Write out the data below exactly as given, without any of its pictures.

Data excerpt:
§ §

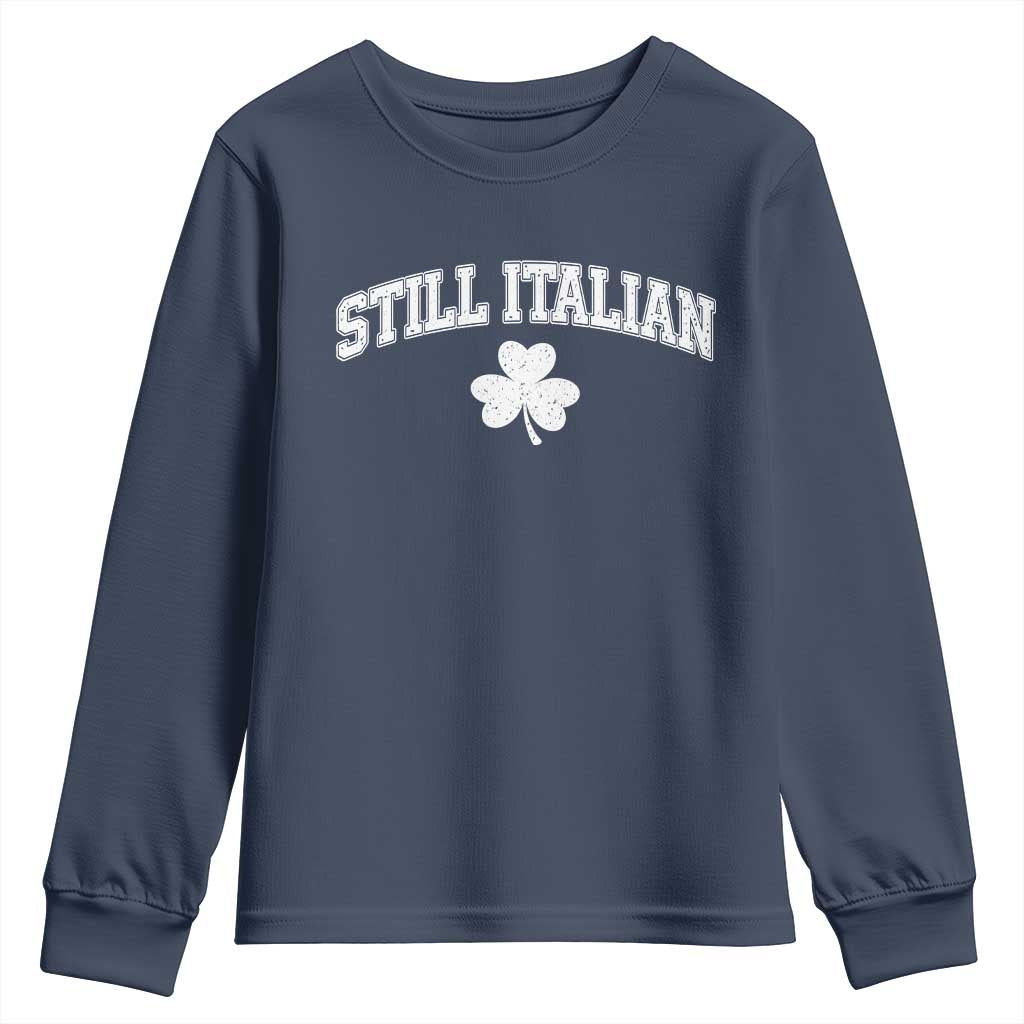 St Patricks Day Italian Youth Sweatshirt Funny Retro Varsity Sporty Style Shamrock TS10 Navy Print Your Wear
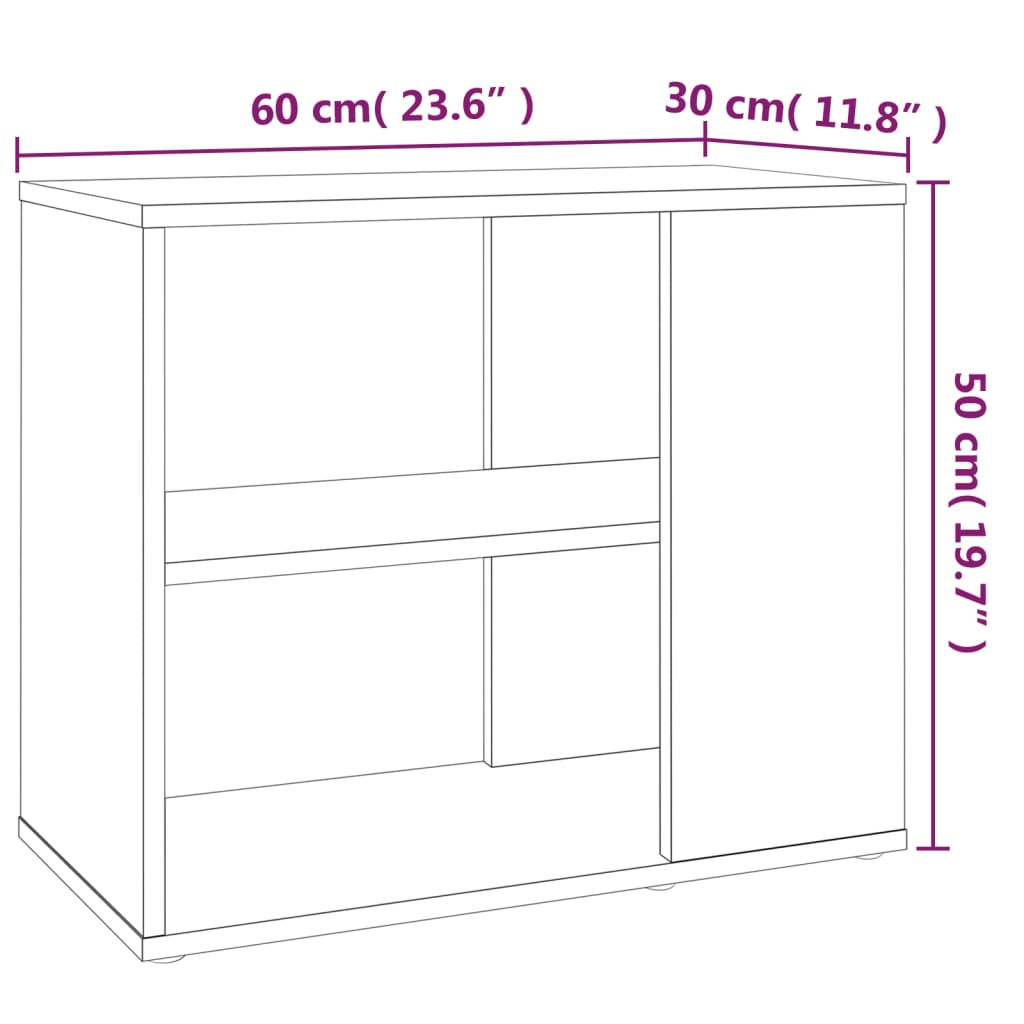 Bijzetkast 60x30x50 cm bewerkt hout gerookt eikenkleurig is nu te koop bij PeponiXL, paradijselijk wonen!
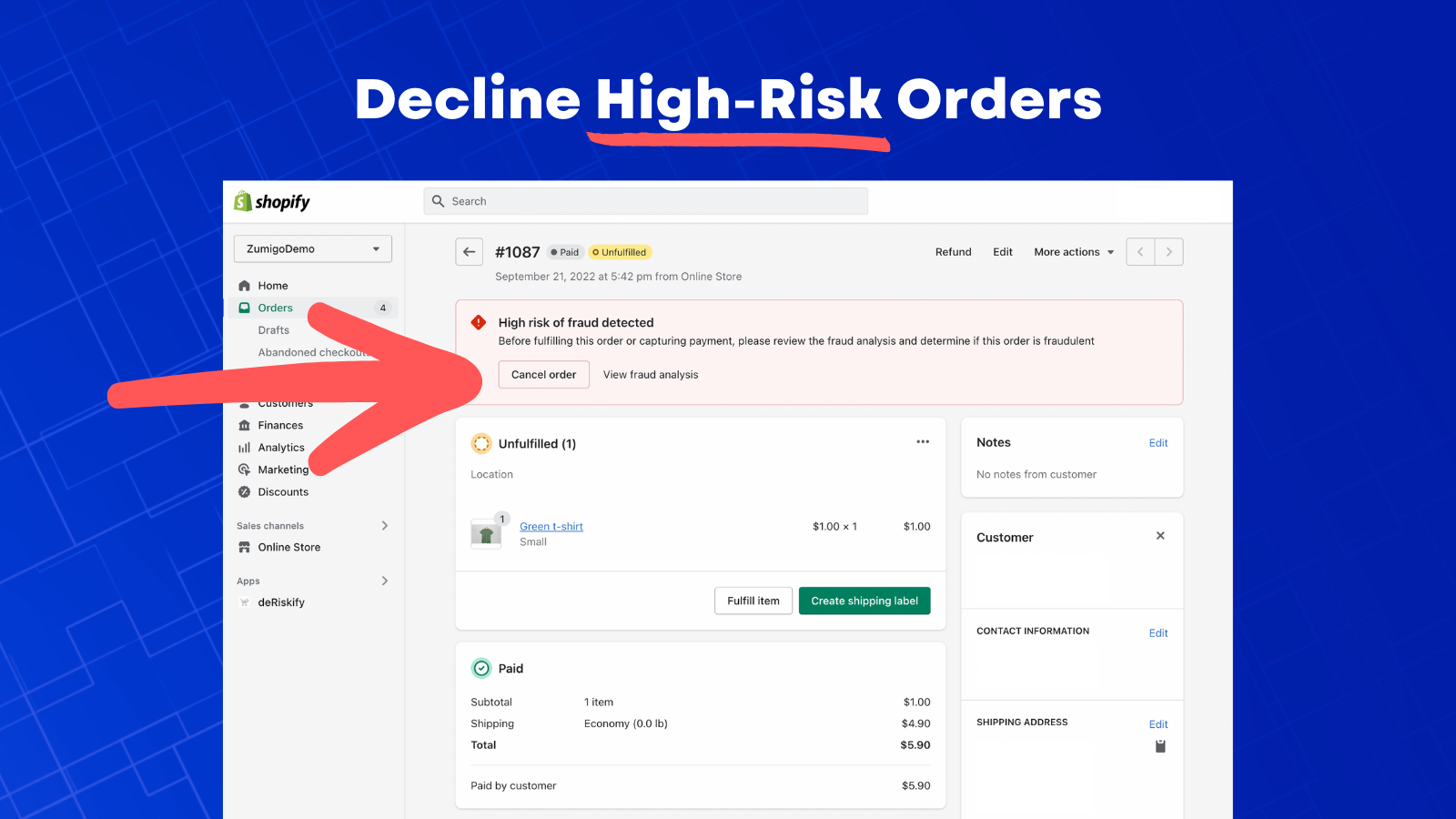Decline High-Risk Orders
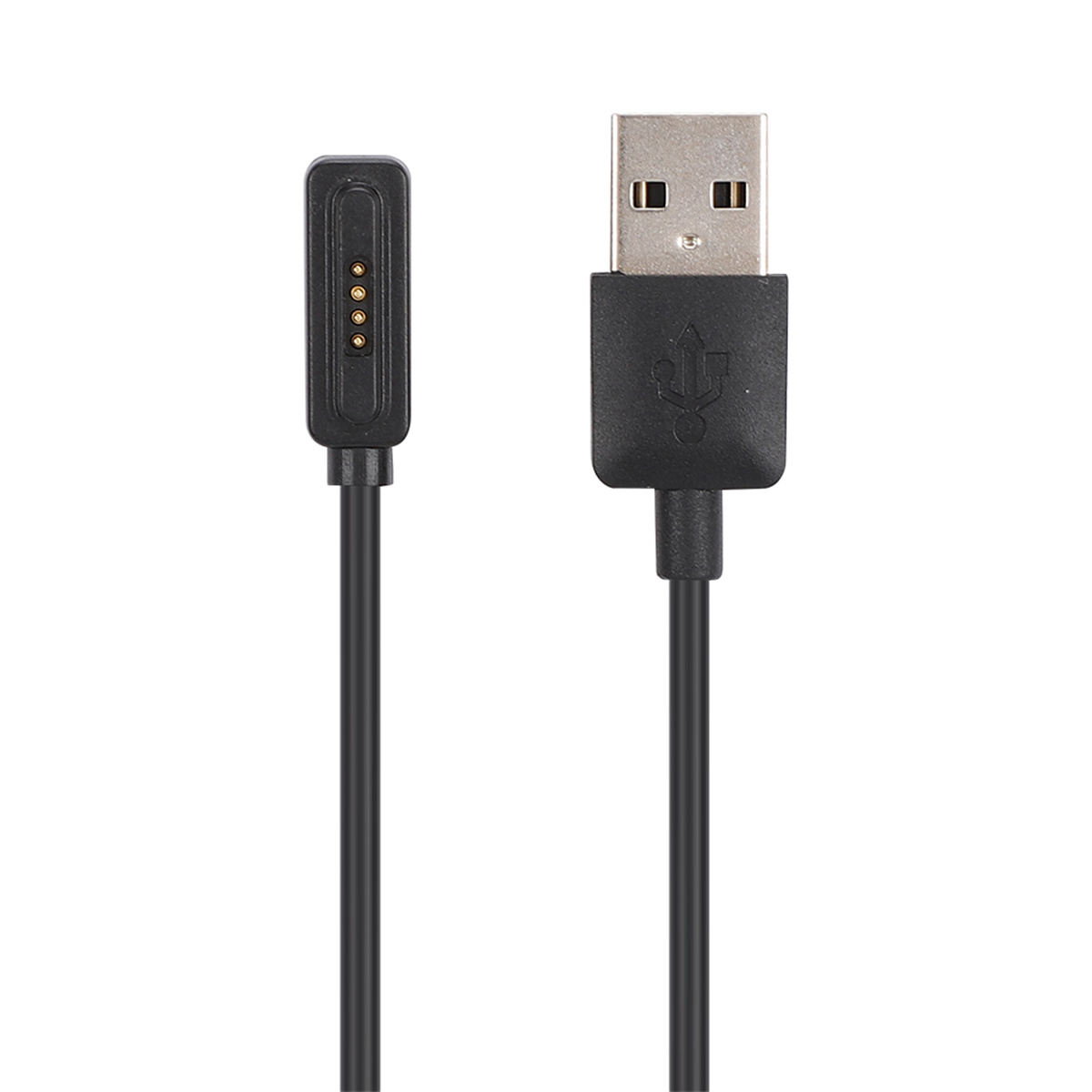 Schwarzes Ladekabel mit USB-Anschluss an einem Ende und kleinem Anschluss am anderen.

§ §

Response to this exercise:
 St Patricks Day Italian Youth Sweatshirt Funny Retro Varsity Sporty Style Shamrock TS10 Navy Print Your Wear
 Bijzetkast 60x30x50 cm bewerkt hout gerookt eikenkleurig is nu te koop bij PeponiXL, paradijselijk wonen!
Decline High-Risk Orders
 Schwarzes Ladekabel mit USB-Anschluss an einem Ende und kleinem Anschluss am anderen.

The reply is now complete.